**TO DO:**
Below is a listing; print exactly its lines from the one containing "Logitech Signature MK650, Combo, for" down to the one containing "Horsebox NON-HGV Renault RENAULT 0 Used", both inclusive, with every picture left out.

**EXCERPTED RECORDS:**

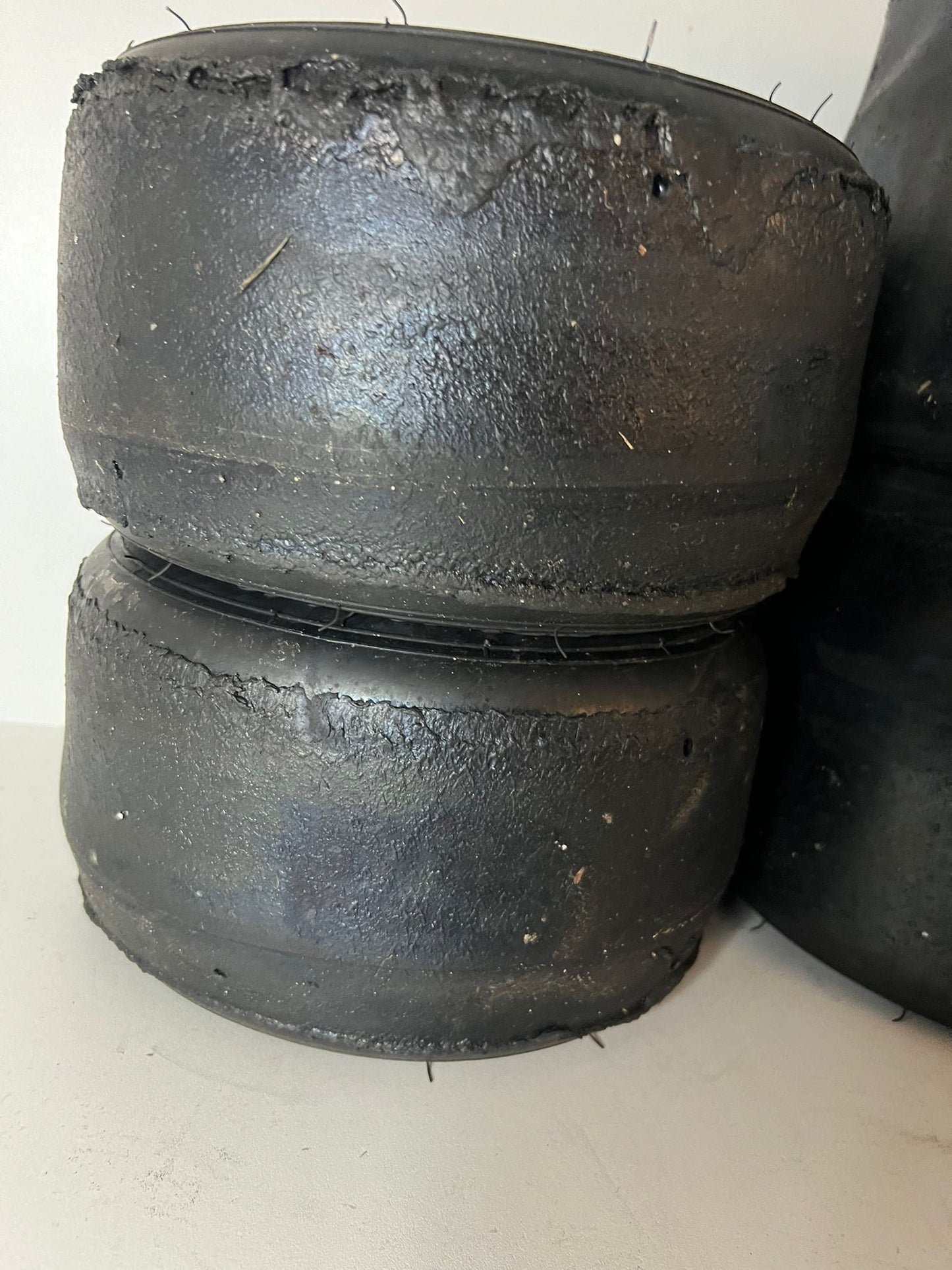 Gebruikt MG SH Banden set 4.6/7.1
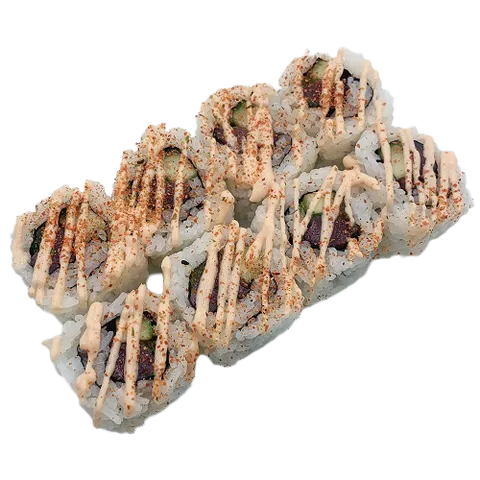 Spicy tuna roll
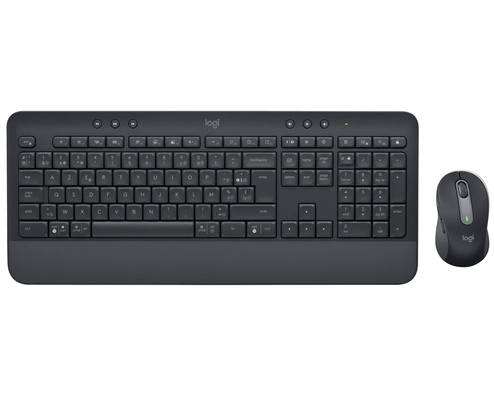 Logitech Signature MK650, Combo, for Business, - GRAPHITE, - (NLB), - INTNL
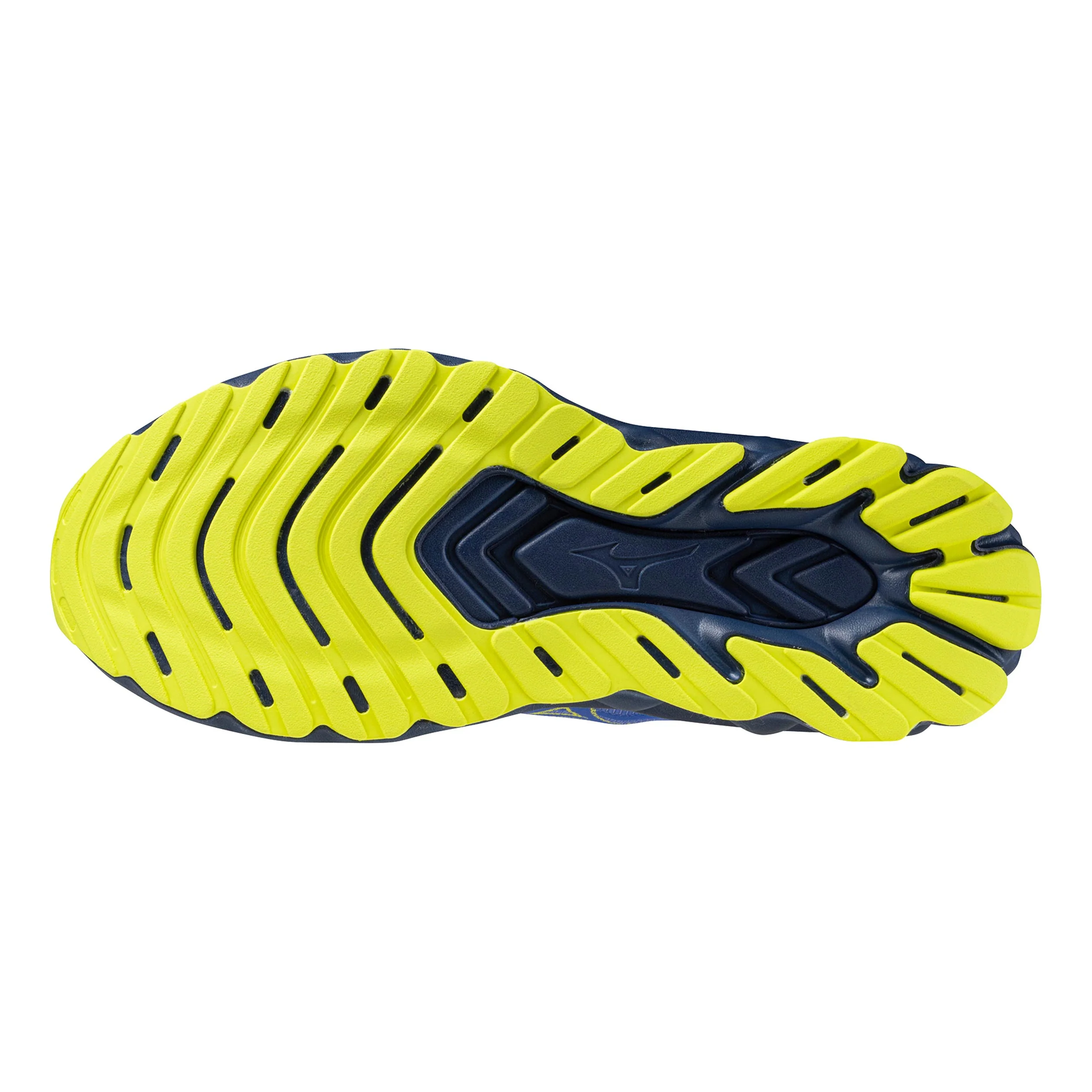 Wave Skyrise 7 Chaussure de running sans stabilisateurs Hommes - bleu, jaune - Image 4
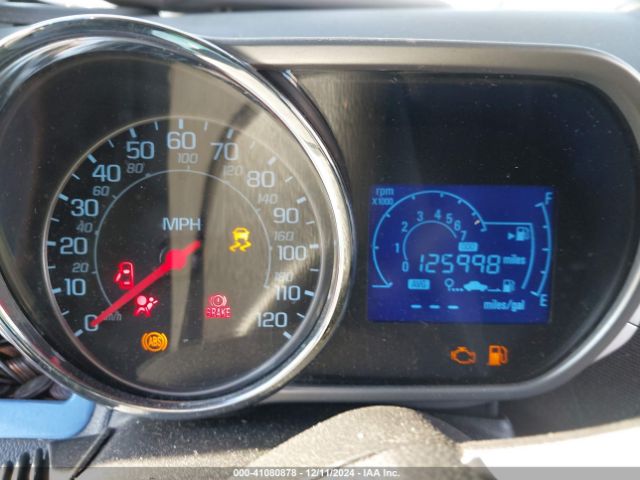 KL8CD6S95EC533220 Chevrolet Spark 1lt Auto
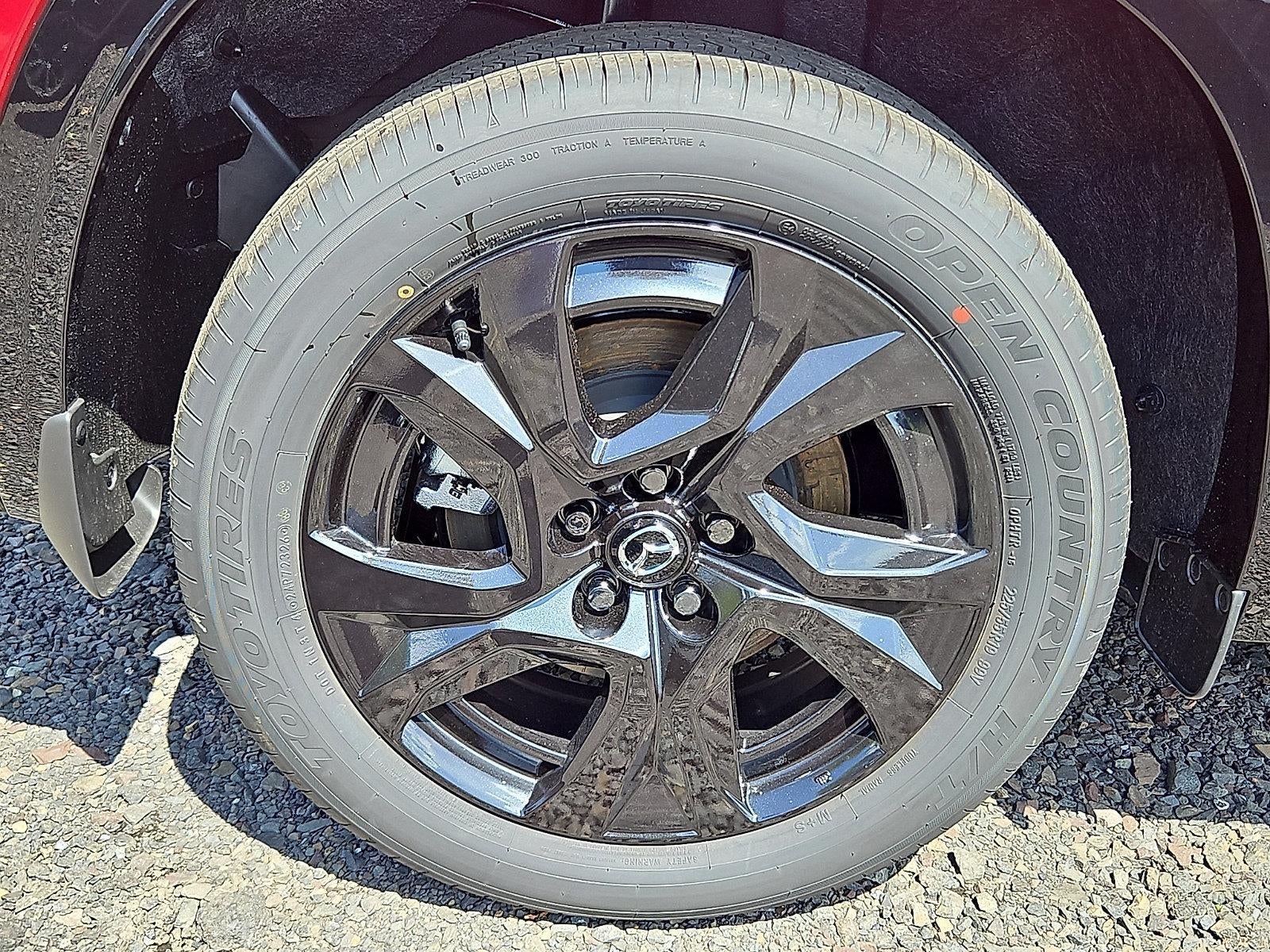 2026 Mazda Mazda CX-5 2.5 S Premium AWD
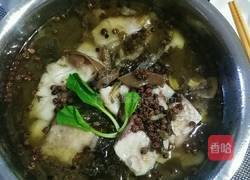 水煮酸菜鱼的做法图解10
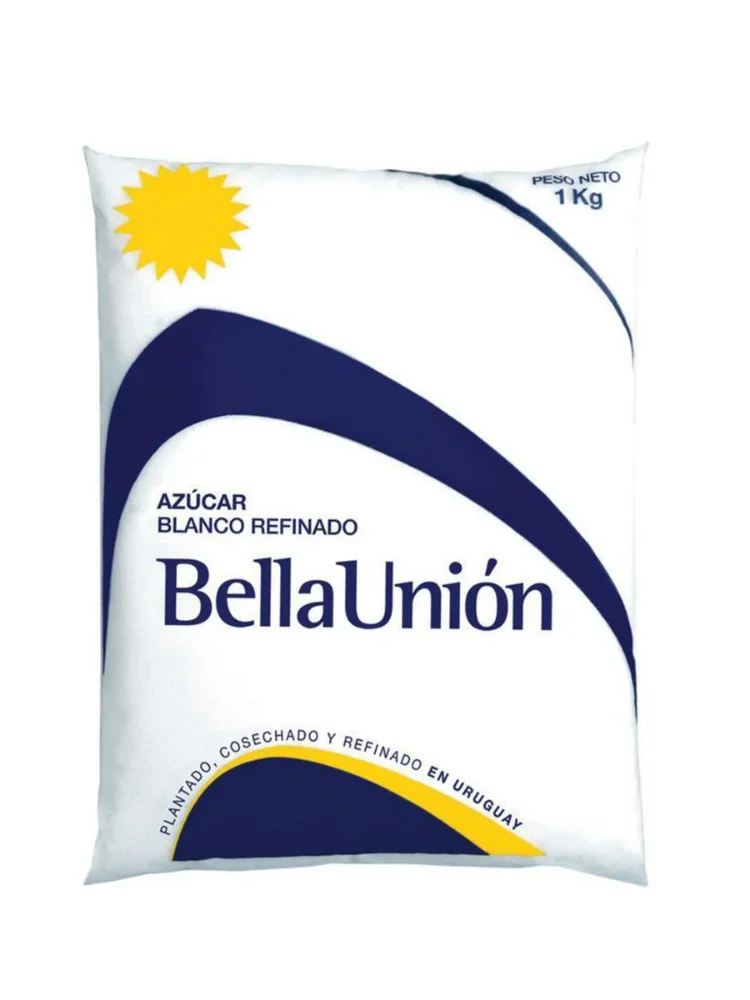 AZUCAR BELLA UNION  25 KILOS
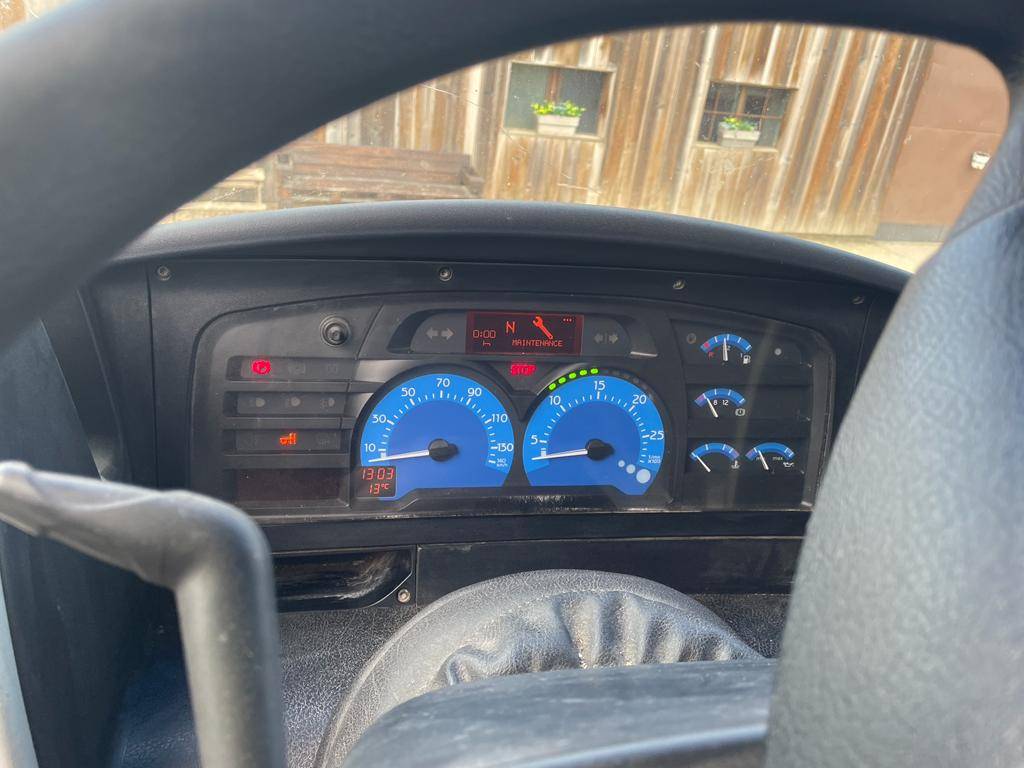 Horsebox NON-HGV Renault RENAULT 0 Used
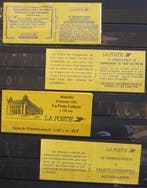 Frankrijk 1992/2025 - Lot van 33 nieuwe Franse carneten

**REPLY:**
 Logitech Signature MK650, Combo, for Business, - GRAPHITE, - (NLB), - INTNL
 Wave Skyrise 7 Chaussure de running sans stabilisateurs Hommes - bleu, jaune - Image 4
 KL8CD6S95EC533220 Chevrolet Spark 1lt Auto
 2026 Mazda Mazda CX-5 2.5 S Premium AWD
 水煮酸菜鱼的做法图解10
 AZUCAR BELLA UNION  25 KILOS
 Horsebox NON-HGV Renault RENAULT 0 Used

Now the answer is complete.